PROBLEM DESCRIPTION: The output should match, line for line, the records from the line containing "Lauer Cosmetic Mscara" through the line containing "Боди (с длинным рукавом, с принтом)", with every picture left out.

RECORDS TO PROCESS:
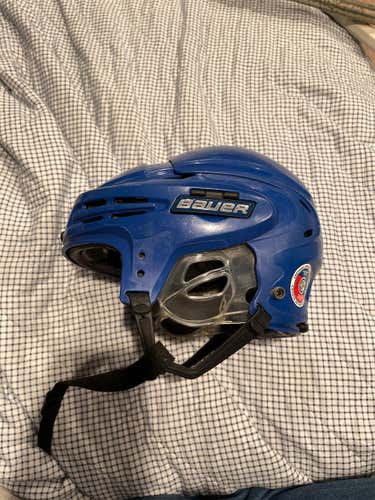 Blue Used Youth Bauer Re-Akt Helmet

==

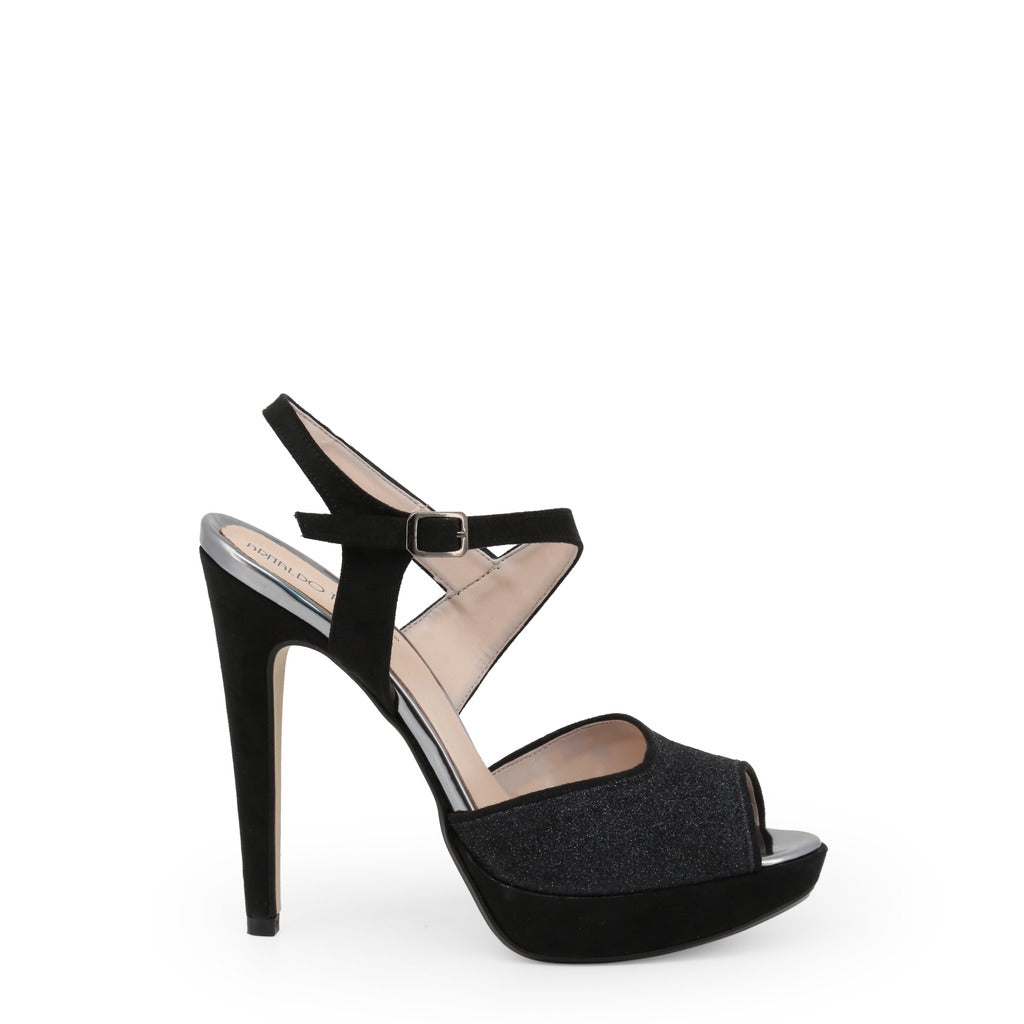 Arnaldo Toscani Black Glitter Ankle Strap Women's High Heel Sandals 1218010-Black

---

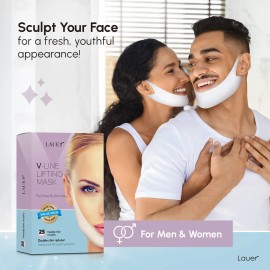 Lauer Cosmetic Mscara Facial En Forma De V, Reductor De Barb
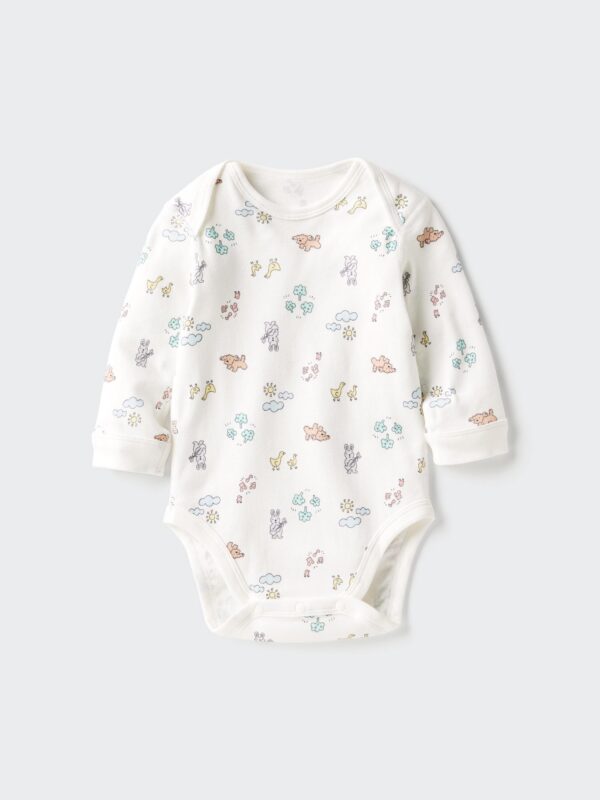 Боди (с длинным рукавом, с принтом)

ANSWER BOX:
 Lauer Cosmetic Mscara Facial En Forma De V, Reductor De Barb
 Боди (с длинным рукавом, с принтом)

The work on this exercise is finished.